Meryl Streep Tells UT Students To Work Hard, Forget About Weight
Of the many benefits of being a student at UT (beautiful campus, good reputation, diverse population, a top athletic program, etc.) are the caliber of guest speakers that professors lure to campus. Speakers like Meryl Streep, who just happens to be a college friend of Fran Dorn, head of the acting program in the College of Fine Arts.
Dorn convinced Streep to visit the Forty Acres, and Theatre and Dance students and faculty packed the B. Iden Payne Theatre Friday afternoon to hear her stories and advice. Streep, who Dorn pointed out in her introduction has won 166 acting awards, kept students laughing through the hour-and-a-half Q&A.
She started things off saying she’d answer any question except her weight. Body image came up again a few times. Streep said she doesn’t want girls to worry about it. “Everyone being the same size is boring,” she said, also pointing out the diversity of roles actors can take on when they’re not obsessing over their waist size.
Often portraying real people, Streep has earned a reputation for expertly embodying her characters, something she chalks up to preparation and hard work.
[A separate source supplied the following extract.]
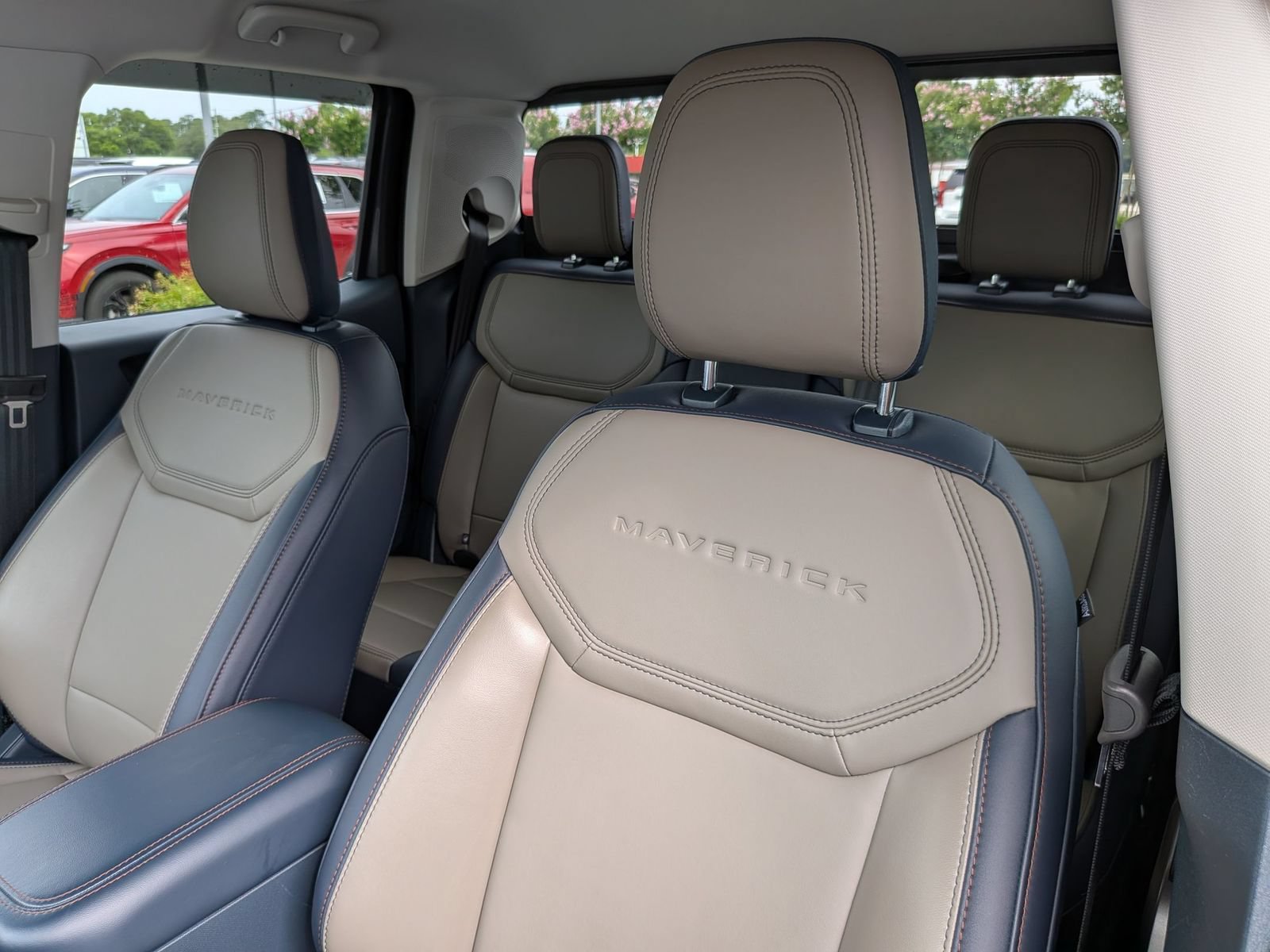 Used 2025 Ford Maverick Lariat AWD/4WD image 15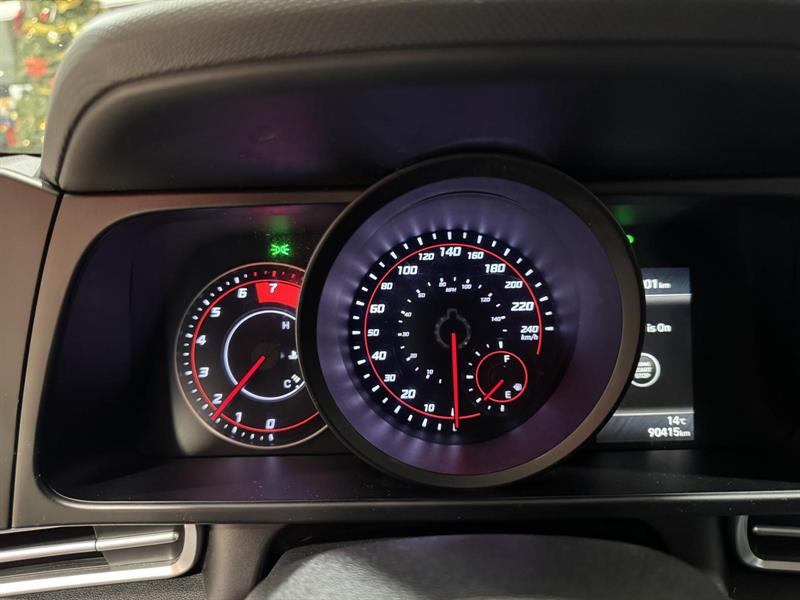 hyundai Elantra 2023 - 17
She says her mother always told her to work hard and be reliable, so she does and is. “I always try really hard to do stuff right,” she said, “and I hold myself to a high standard and make myself work — even when I don’t want to.” That’s right, even Meryl Streep has those days.
Streep earned her undergraduate degree in costume design at Vassar College and an MFA in acting from the Yale School of Drama, where she and Dorn became pals. Earlier in the day, she stressed to a small group of media the value she took from her liberal arts education, saying her biggest goal in life is to be a good human being. “The more you know about everything — a little of everything — the better person you can be,” she said.
Up next for Streep, she told students, is a portrayal of Margaret Thatcher, who remains Britain’s only female prime minister. Like all politicians, Thatcher had her friends and foes, but Streep says she’s not an actor to judge anyone’s decisions. Instead, she wants to know how they came to make those decisions and pull out the humanity in every character.
Friday, she had needn’t worry what anyone thought of her own character. Streep was welcomed to uproarious cheers and exited to a standing ovation.